Problem ▸ Restate all data exactly. No images.

· · · ·

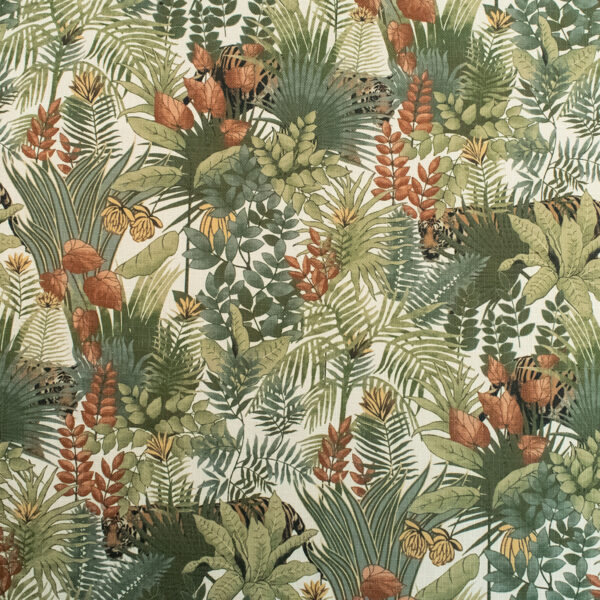 Orange upholstery fabric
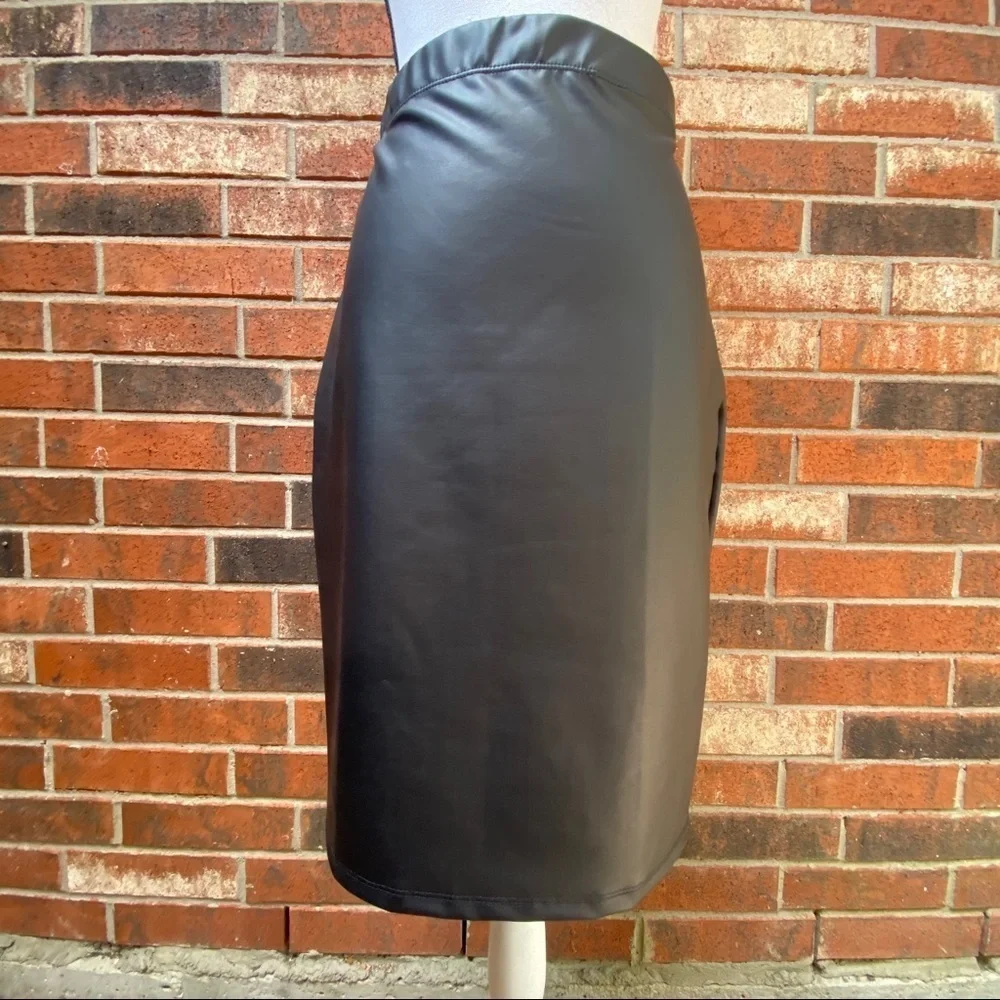 11. Honey and Lace Vegan Faux Leather Pleather Skirt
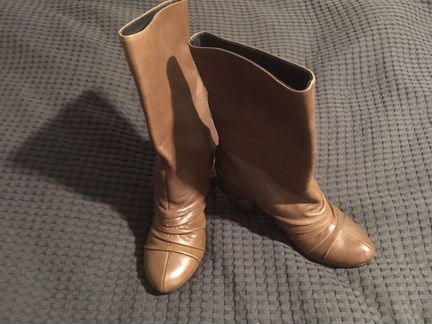 Сапожки кожаные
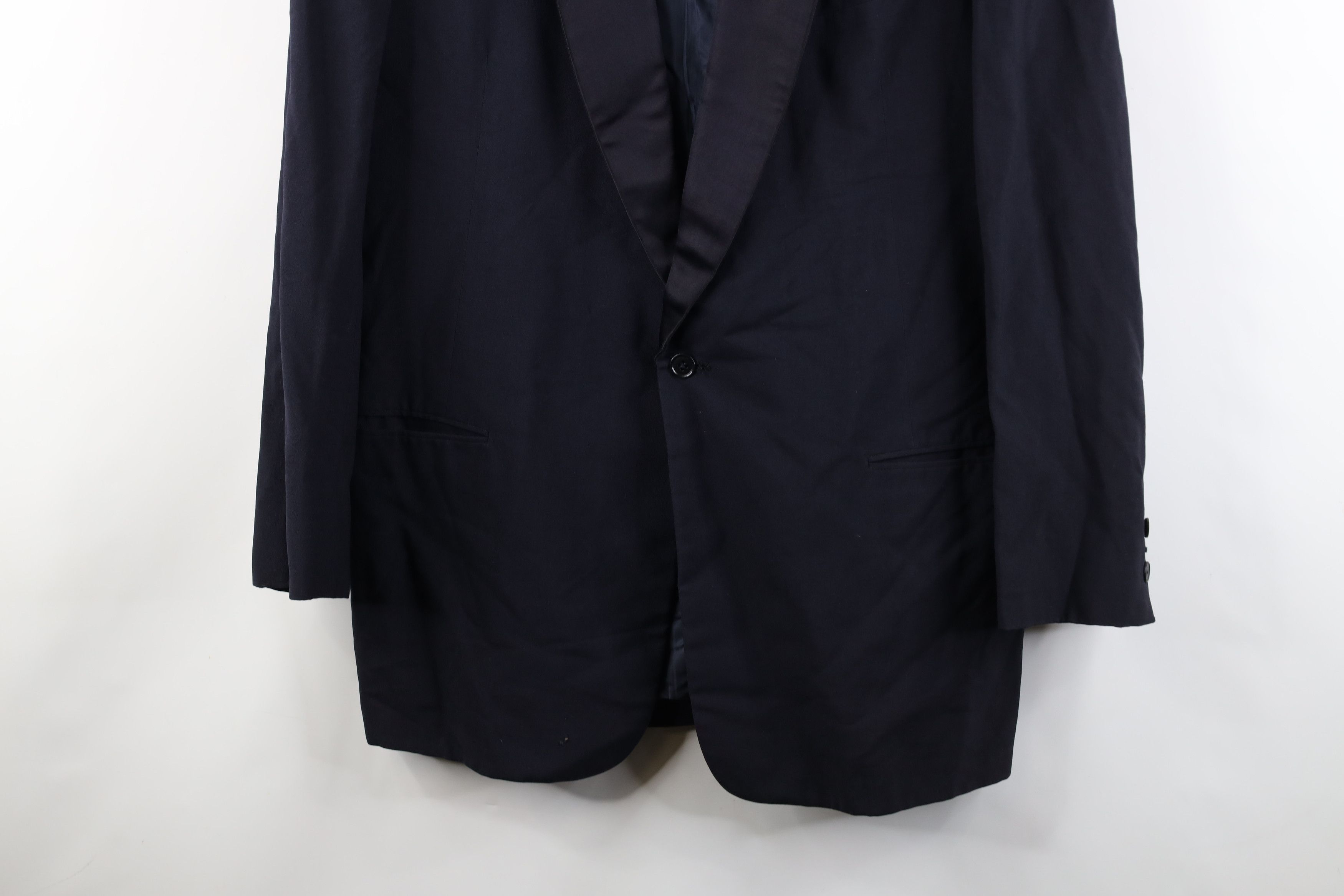 Vintage Vintage 50s Rockabilly Prom Smoking Tuxedo Jacket Navy USA Size US XXL / EU 58 / 5 - 3 Thumbnail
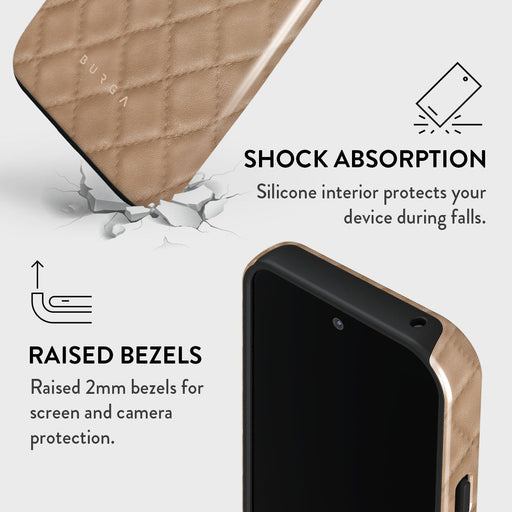 Simply Cream - Quilted Google Pixel 9 Case 4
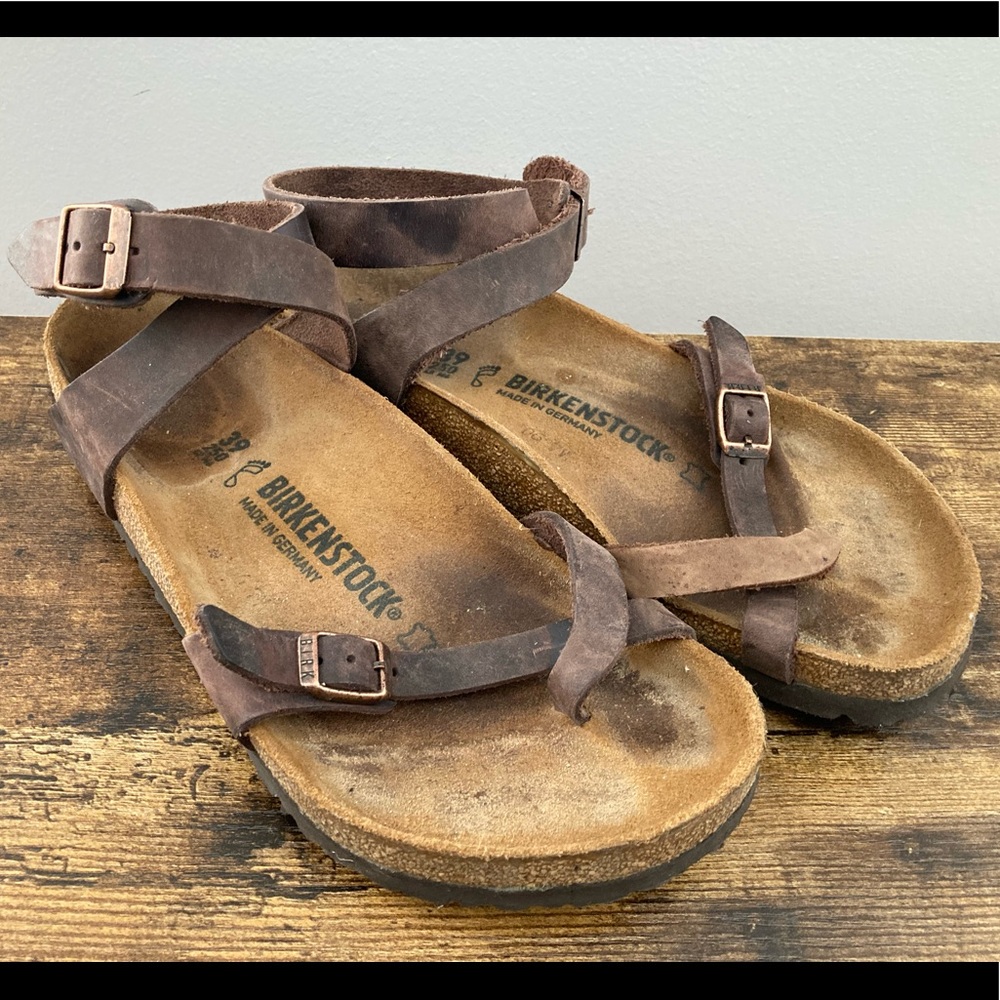 Birkenstock Yara Brown Leather size 39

· · · ·

Exercise answer ▸
 Orange upholstery fabric
 11. Honey and Lace Vegan Faux Leather Pleather Skirt
 Сапожки кожаные
 Vintage Vintage 50s Rockabilly Prom Smoking Tuxedo Jacket Navy USA Size US XXL / EU 58 / 5 - 3 Thumbnail
 Simply Cream - Quilted Google Pixel 9 Case 4
 Birkenstock Yara Brown Leather size 39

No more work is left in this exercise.